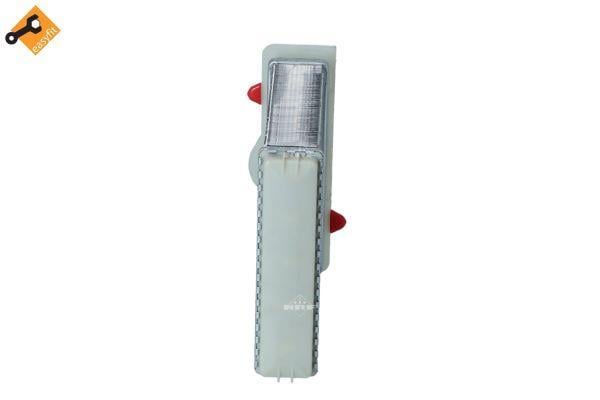 Radiador de calefacción NRF B.V. ref. 54223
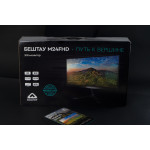 Монитор БЕШТАУ M24FHD/LCD (23,8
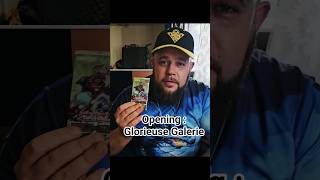 #yugioh #tcg Des Shibis magnifiques 😍🤩 @YamiYako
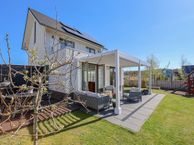 Galileo Galileistraat 44, 1349 DN Almere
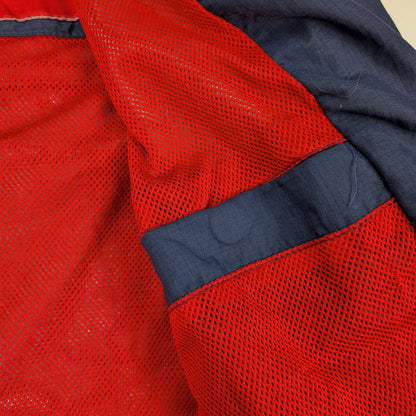 Giacca Superdry Original Windcheater Jkt sportswear japan style - M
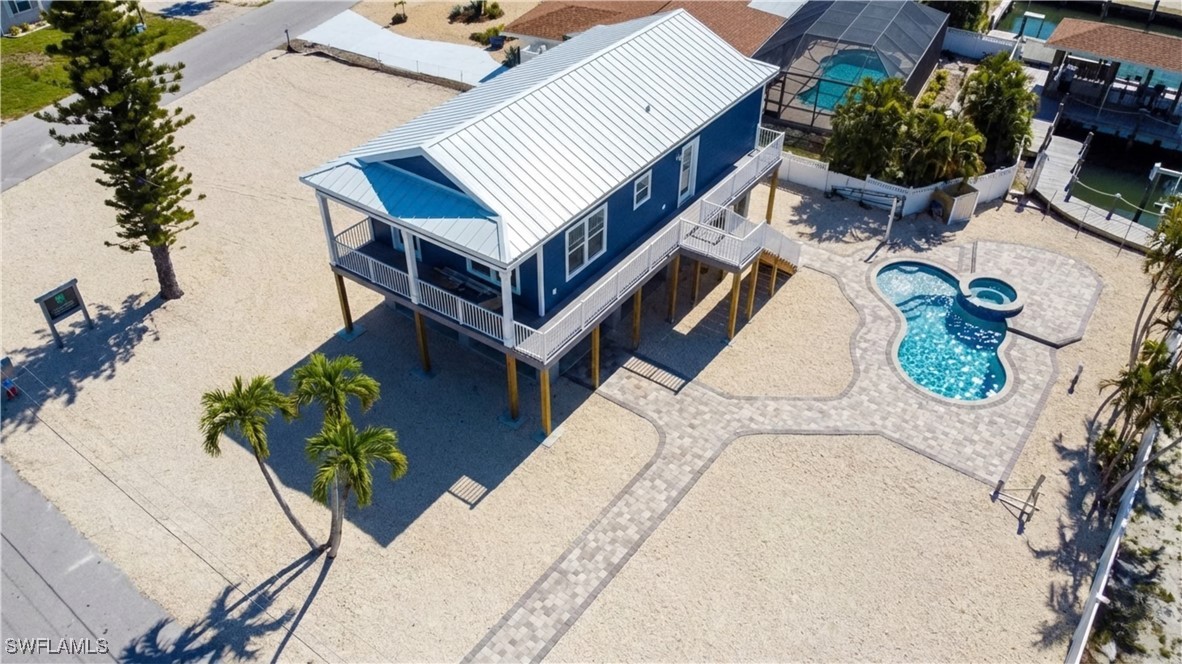 AerialView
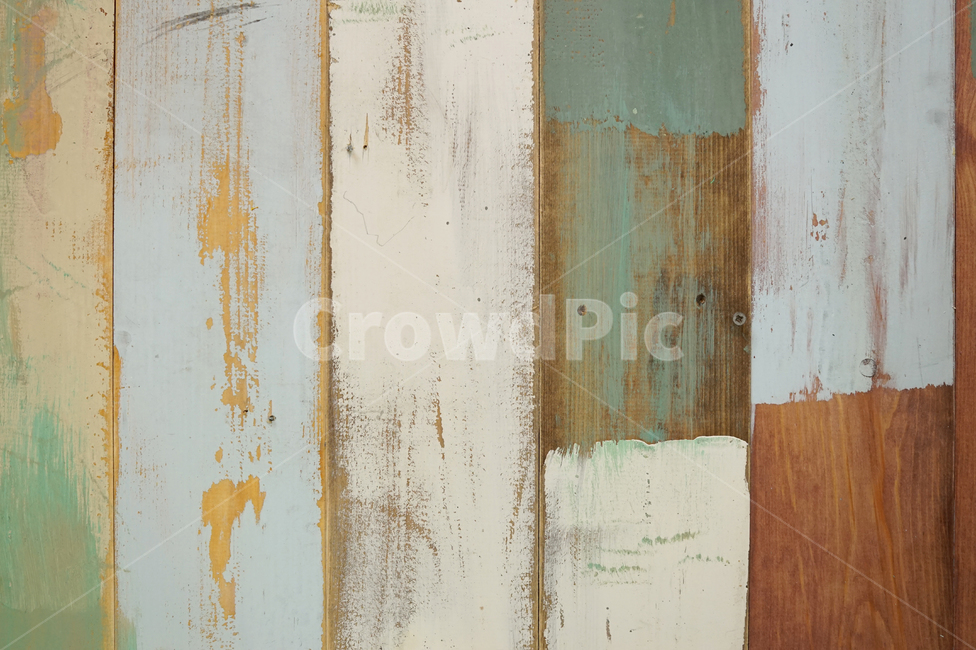 배경,background,나무,빈티지,목재,집성목,앤틱,wood
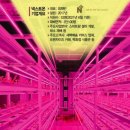 남부농장 이미지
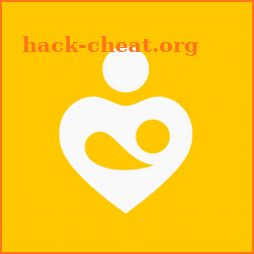 Medela Family Baby Tracker icon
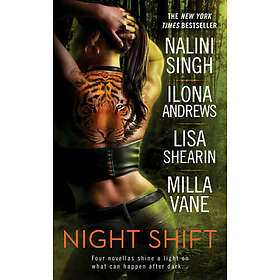 Night Shift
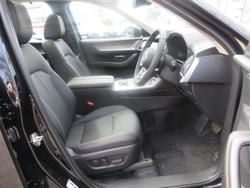 2024 Mazda
CX-70 G50e GT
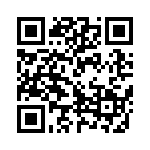 S0603-47NF1S QRCode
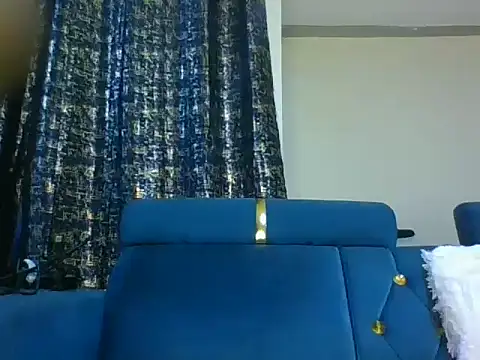 summerdivah online show from May 25, 2026, 2:56 pm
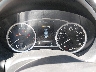 3N1AB7AP8HY****** Salvage 2017 Nissan Sentra in Salt Lake City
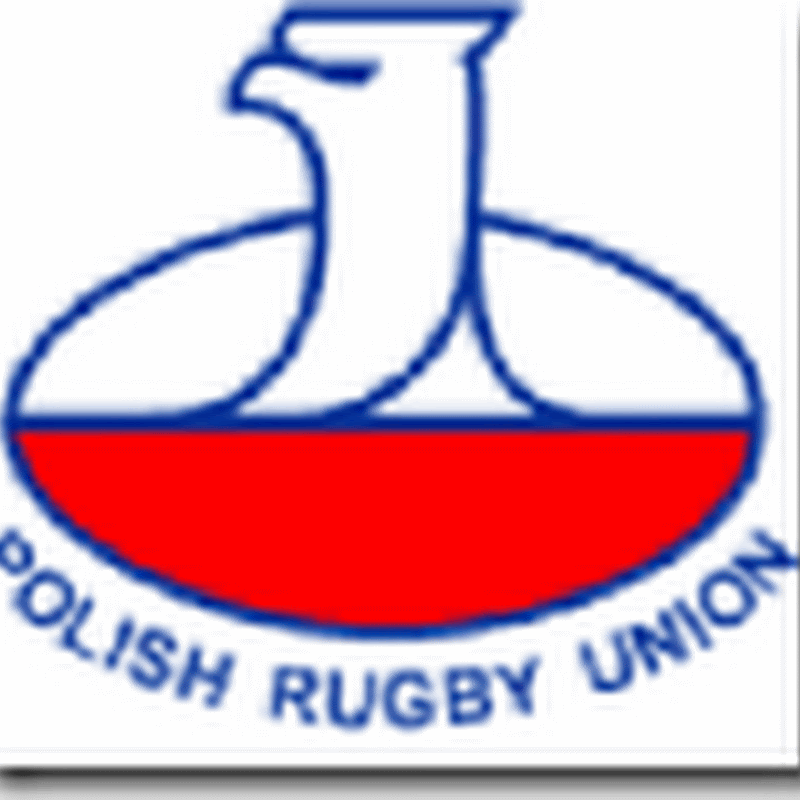 Rugby International News: May 2015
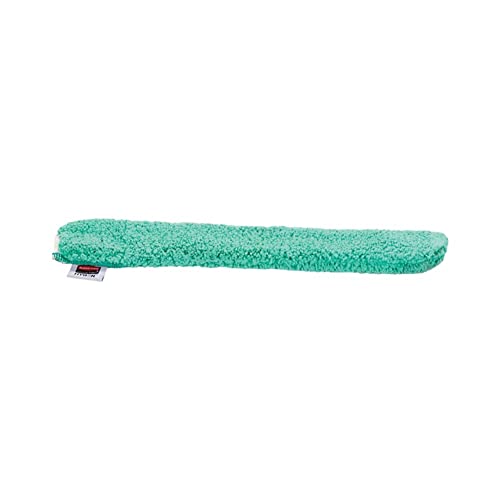 Rubbermaid Flexi-Wand Duster Sleeve Replacement
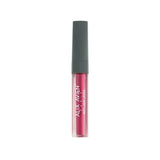 Matte Liquid Lipstick – 514 – Bright Fuchsia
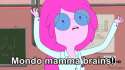 tumblr_inline_naaze1WbeB1shaxrx.gif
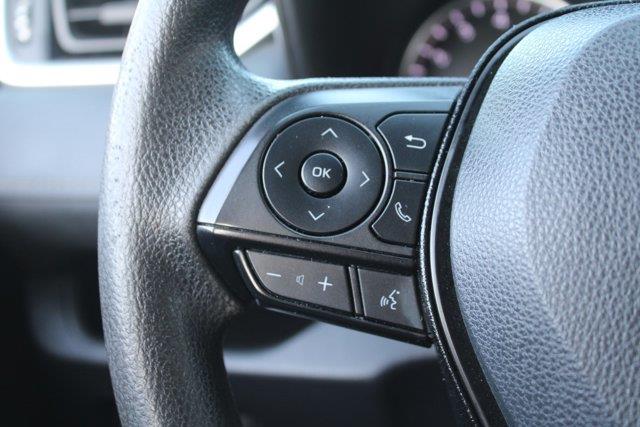 2020 Toyota Rav4 XLE, available for sale in Elmont, New York | NY Luxury Motors. Elmont, New York 2020 Toyota Rav4 XLE, available for sale in Elmont, New York | NY Luxury Motors. Elmont, New York
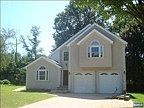 Four BR, 3.5 BA, $975,000 - Four BR
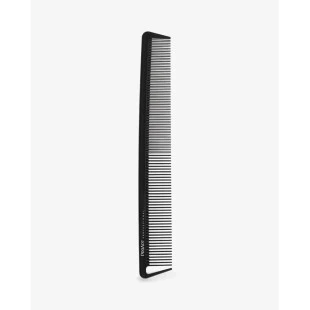 PENTE PROART - EXPERT CARBONO HAIR LOCK - ref:PCC03B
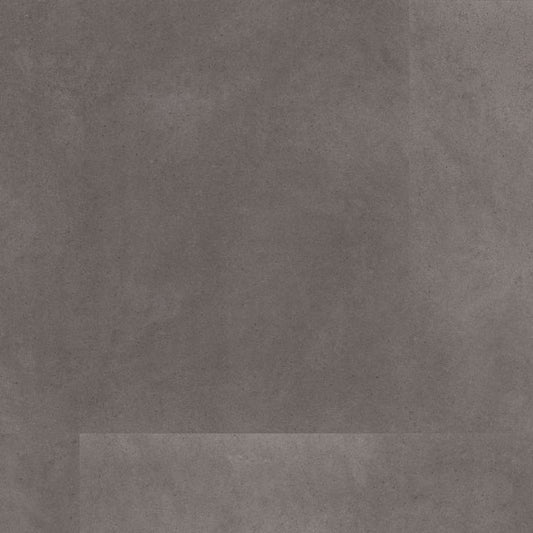 Floorlife Peckham XL click SRC grey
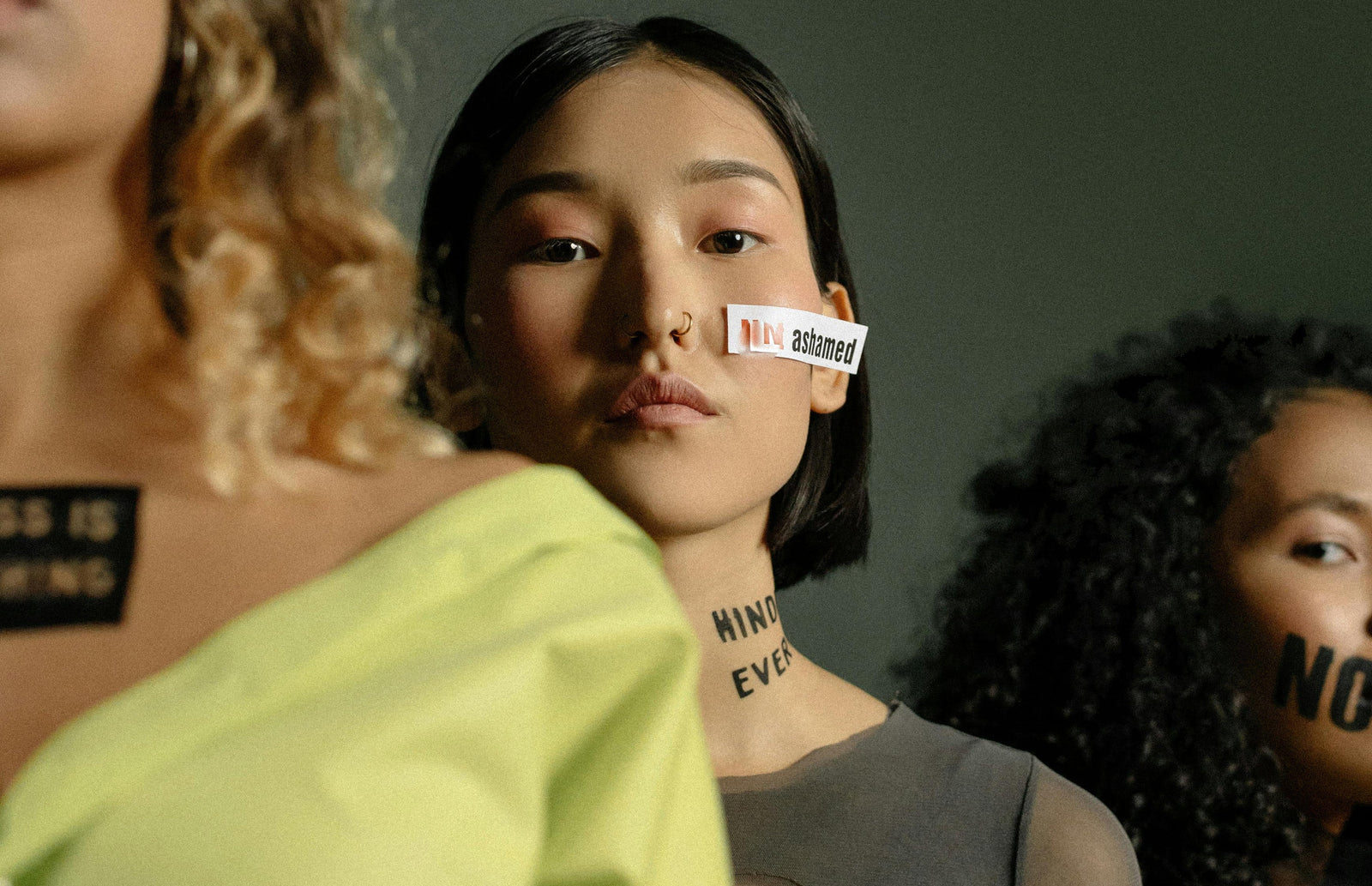 women-labels-diversity-girls-power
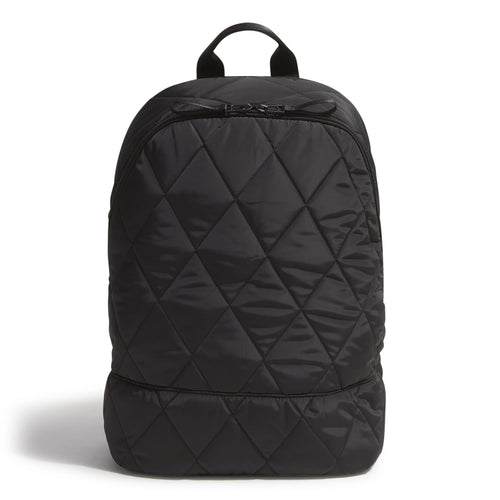 Commuter Backpack - Moonless Night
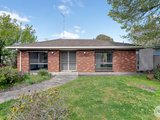 15 Kallioota Street, ALFREDTON VIC 3350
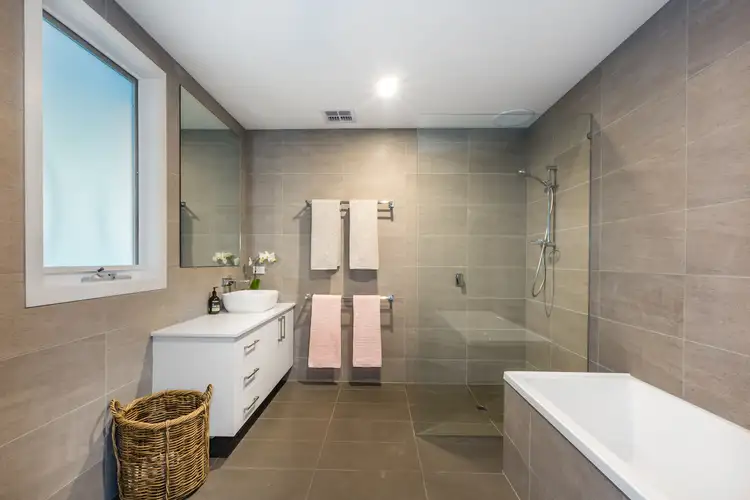 Sixth view of Homely house listing, 193 Melbourne Road, Williamstown VIC 3016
———
### [What this task involves]
In the records above, find the line with "summerdivah online show" and the line with "women-labels-diversity-girls-power"; please transcribe exactly those two lines and all lines between them, omitting any picture.

### [Answer section]
 summerdivah online show from May 25, 2026, 2:56 pm
 3N1AB7AP8HY****** Salvage 2017 Nissan Sentra in Salt Lake City
 Rugby International News: May 2015
 Rubbermaid Flexi-Wand Duster Sleeve Replacement
 Matte Liquid Lipstick – 514 – Bright Fuchsia
 tumblr_inline_naaze1WbeB1shaxrx.gif
 2020 Toyota Rav4 XLE, available for sale in Elmont, New York | NY Luxury Motors. Elmont, New York 2020 Toyota Rav4 XLE, available for sale in Elmont, New York | NY Luxury Motors. Elmont, New York
 Four BR, 3.5 BA, $975,000 - Four BR
 PENTE PROART - EXPERT CARBONO HAIR LOCK - ref:PCC03B
 Floorlife Peckham XL click SRC grey
 women-labels-diversity-girls-power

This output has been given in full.